● Requirement
Further down are entries; set down exactly and only the lines from the one with "del monte, palo" up to and including the one with "温榆河公园二期建设进入最后冲刺阶段，9月底开放", dropping each picture.

● Dataset records
[Start of section]

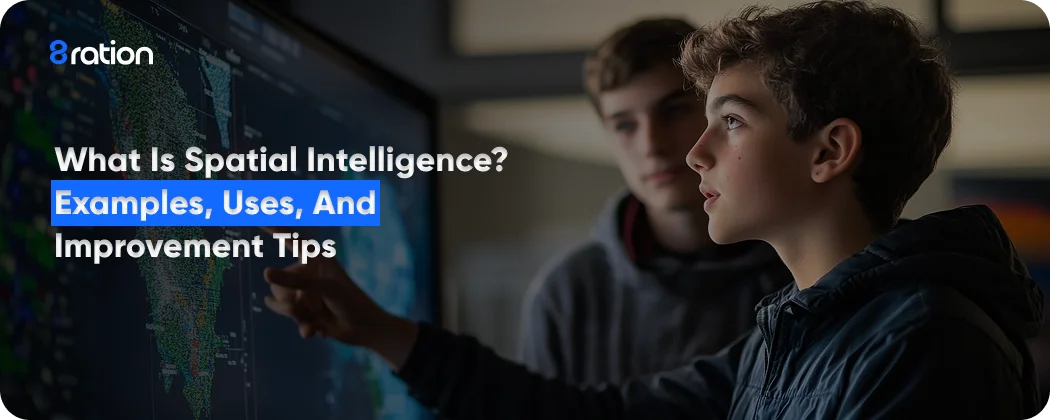 What is Spatial Intelligence Examples, Uses, and Improvement Tips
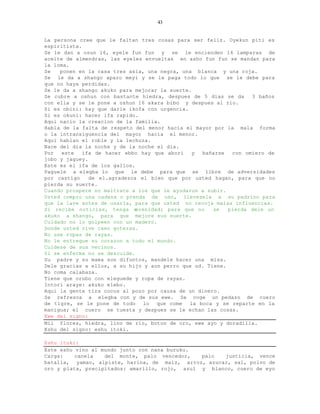 43


La persona cree que le faltan tres cosas para ser feliz. Oyekun piti es
espiritista.
Se le dan a osun 16, eyele fun fun y se le encienden 16 lamparas de
aceite de almendras, las eyeles envueltas en asho fun fun se mandan para
la loma.
Se   ponen en la casa tres asia, una negra, una blanca y una roja.
Se le da a shango aparo meyi y se le paga todo lo que se le debe para
que no haya perdidas.
Se le da a shango akuko para mejorar la suerte.
Se cubre a oshun con bastante hiedra, despues de 5 dias se da     3 baños
con ella y se le pone a oshun 16 akara bibo y despues al rio.
Si es obini: hay que darle ikofa con urgencia.
Si es okuni: hacer ifa rapido.
Aqui nacio la creacion de la familia.
Habla de la falta de respeto del menor hacia el mayor por la mala forma
o la intransiguencia del mayor hacia el menor.
Aqui hablan el roble y la lechuza.
Nace del dia la noche y de la noche el dia.
Por  este   ifa de hacer ebbo hay que abori    y  bañarse   con omiero de
jobo y jaguey.
Este es el ifa de los gallos.
Paguele a elegba lo que le debe para que se libre de adversidades
por castigo    de el.agradezca el bien que por usted hagan, para que no
pierda su suerte.
Cuando prospere no maltrate a los que le ayudaron a subir.
Usted compro una cadena o prenda de uso, llevesela a su padrino para
que la lave antes de usarla, para que usted no recoja malas influencias.
Si recibe noticias, tenga s   erenidad; para que no   se   pierda dele un
akuko a shango, para que mejore sus suerte.
Cuidado no lo golpeen con un madero.
Donde usted vive caen goteras.
No use ropas de rayas.
No le entregue su corazon a todo el mundo.
Cuidese de sus vecinos.
Si se enferma no se descuide.
Su padre y su mama son difuntos, mandele hacer una misa.
Dele gracias a ellos, a su hijo y aun perro que ud. Tiene.
No coma calabaza.
Tiene que orubo con eleguede y ropa de rayas.
Intori araye: akuko elebo.
Aqui la gente tira cocos al pozo por causa de un dinero.
Se refresca a elegba con y de sus ewe. Se coge un pedazo de cuero
de tigre, se le pone de todo lo que come la boca y se reparte en la
manigua; el cuero se tuesta y despues se le echan las cosas.
Ewe del signo:
Mil flores, hiedra, lino de rio, boton de oro, ewe ayo y doradilla.
Eshu del signo: eshu itoki.

Eshu itoki:
Este eshu vino al mundo junto con nana buruku.
Carga:    canela   del monte, palo vencedor,    palo  justicia, vence
batalla, yamao, alpiste, harina, de maiz, arroz, azucar, sal, polvo de
oro y plata, precipitados: amarillo, rojo, azul y blanco, cuero de eyo
 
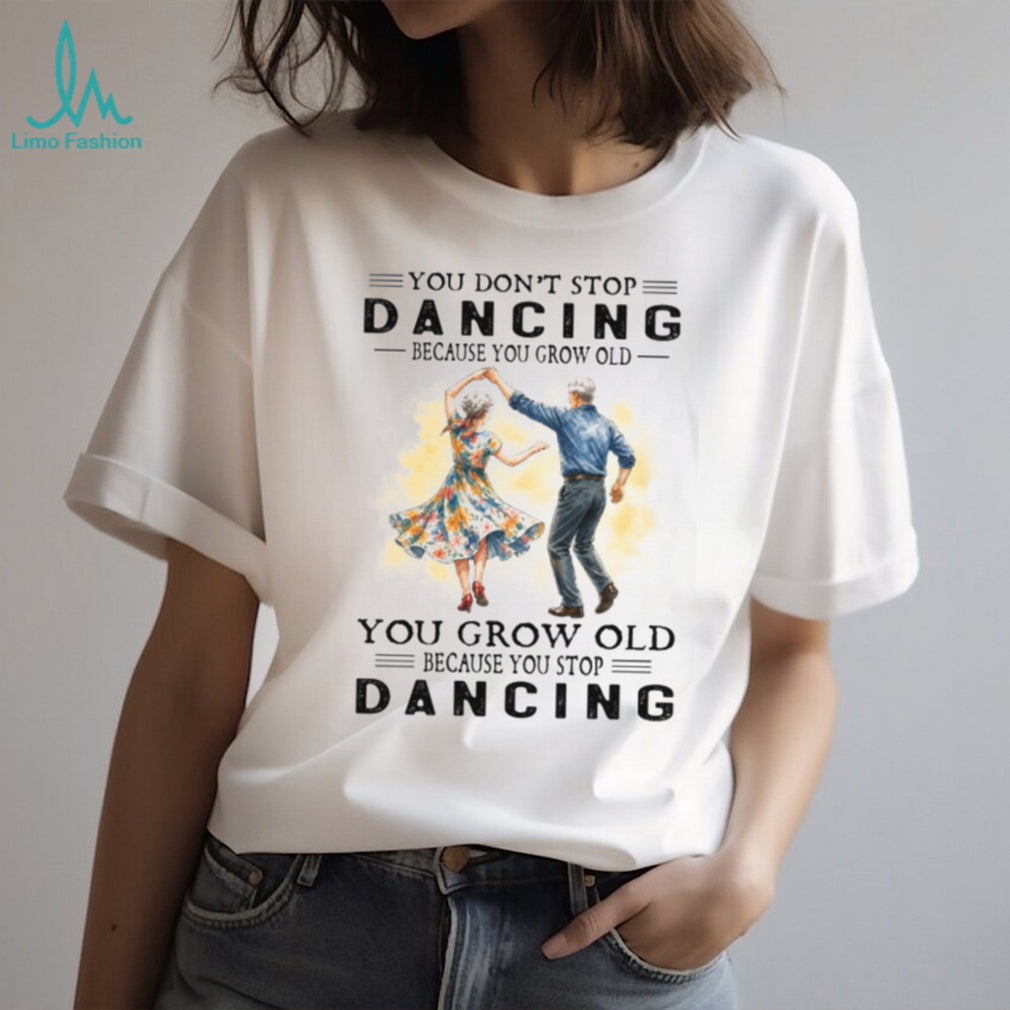 You Don’t Stop Dancing Because You Grow Old Vintage Retro Couple Dancer Shirt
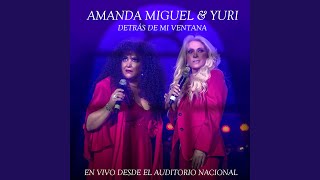 Detrás De Mi Ventana Feat Yuri En Vivo Desde El Auditorio Nacional [upl. by Zaragoza104]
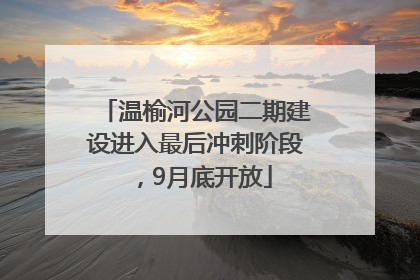 温榆河公园二期建设进入最后冲刺阶段，9月底开放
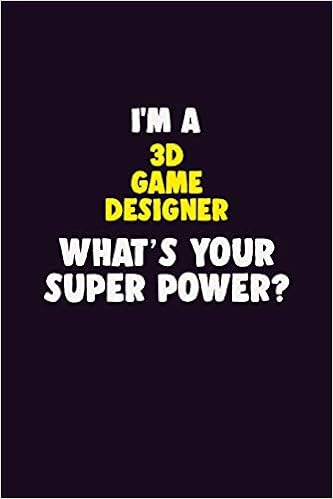 I M A 3d Game Designer What S Your Super Power 6x9 120 Pages Career Notebook Unlined Writing Journal Publishers Blue Stone 9781704759920 Amazon Com Books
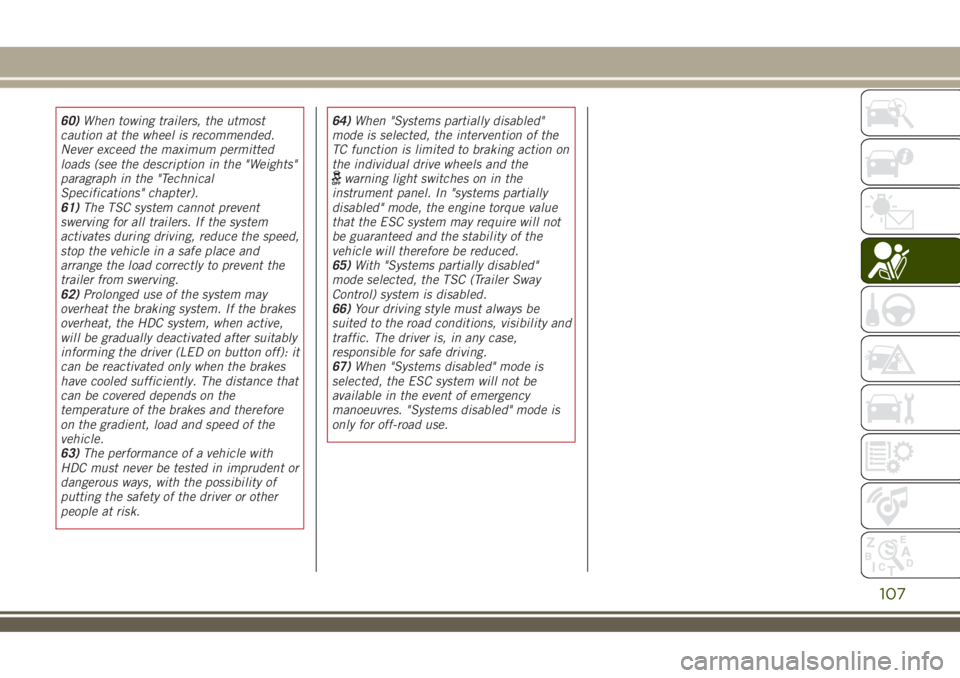 JEEP RENEGADE 2018 Owner handbook (in English) 60)When towing trailers, the utmost
caution at the wheel is recommended.
Never exceed the maximum permitted
loads (see the description in the "Weights"
paragraph in the "Technical
Specific JEEP RENEGADE 2018 Owner handbook (in English) 60)When towing trailers, the utmost
caution at the wheel is recommended.
Never exceed the maximum permitted
loads (see the description in the "Weights"
paragraph in the "Technical
Specific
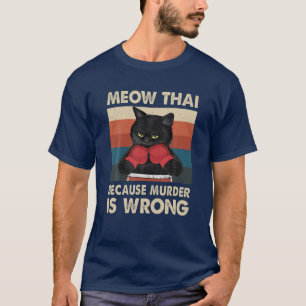 T-shirt Muay Thai Parce Que Le Meurtre Est Mauvais Chat Me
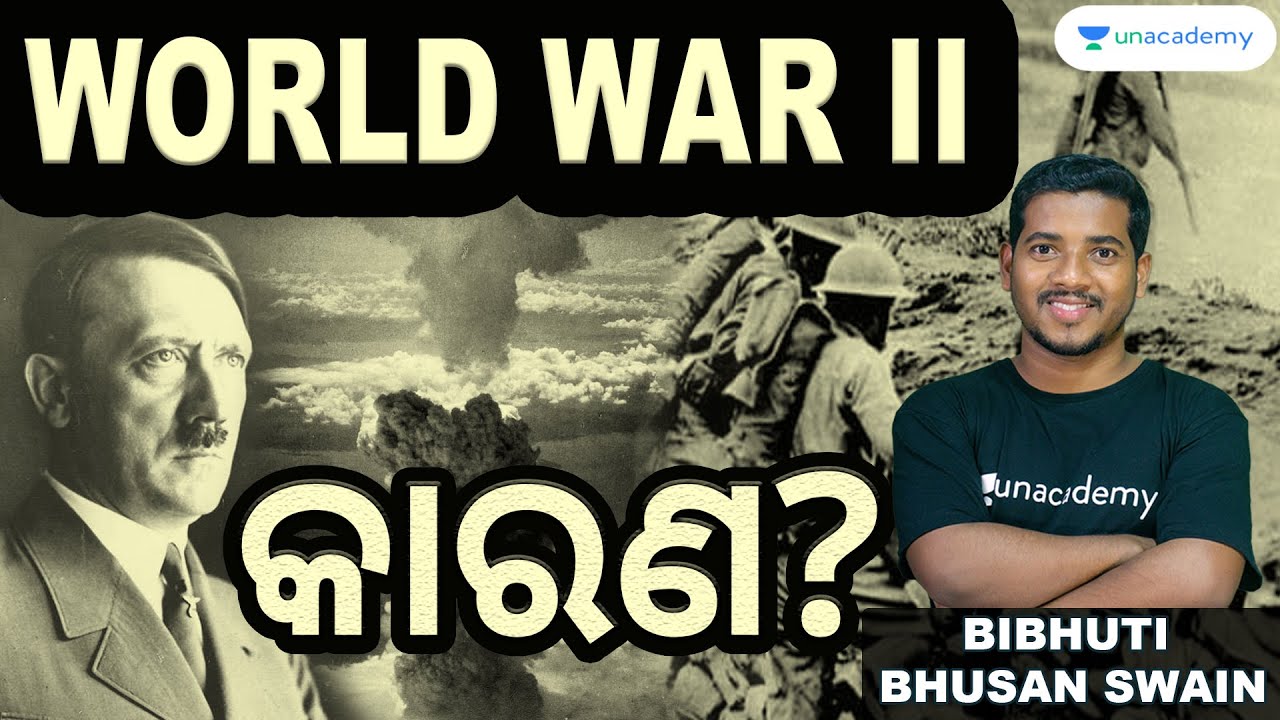 ଦ୍ୱିତୀୟ ବିଶ୍ୱଯୁଦ୍ଧ ର କାରଣ  - World War 2 Explained | Bibhuti Bhusan Swain | Unacademy Live - OPSC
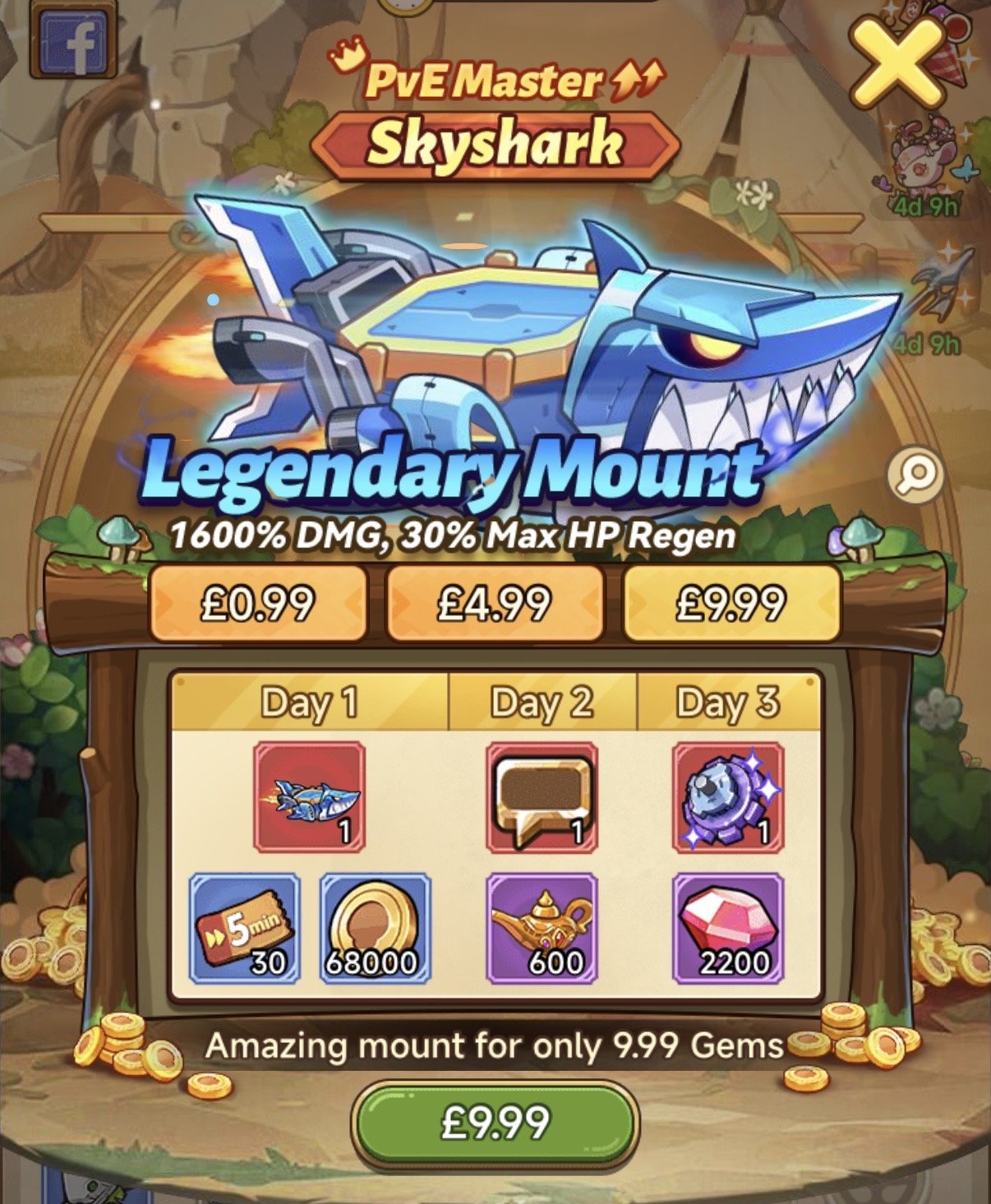 In-game shop offering the Legendary Mount Skyshark, a robotic shark vehicle, for 9.99 pounds. The mount features 1600% damage and 30% max HP regen. The package includes different items over three days: Day 1 has 1 Skyshark, 30 five-minute game tickets, and 6800 coins; Day 2 has 1 speech bubble and 600 gems; Day 3 has 1 purple ice skull and 2200 pink gems. The background shows a fantasy cartoon landscape with trees and a rocky wall.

[End of section]

● Written reply
Carga:    canela   del monte, palo vencedor,    palo  justicia, vence
batalla, yamao, alpiste, harina, de maiz, arroz, azucar, sal, polvo de
oro y plata, precipitados: amarillo, rojo, azul y blanco, cuero de eyo
 
 You Don’t Stop Dancing Because You Grow Old Vintage Retro Couple Dancer Shirt
 Detrás De Mi Ventana Feat Yuri En Vivo Desde El Auditorio Nacional [upl. by Zaragoza104]
 温榆河公园二期建设进入最后冲刺阶段，9月底开放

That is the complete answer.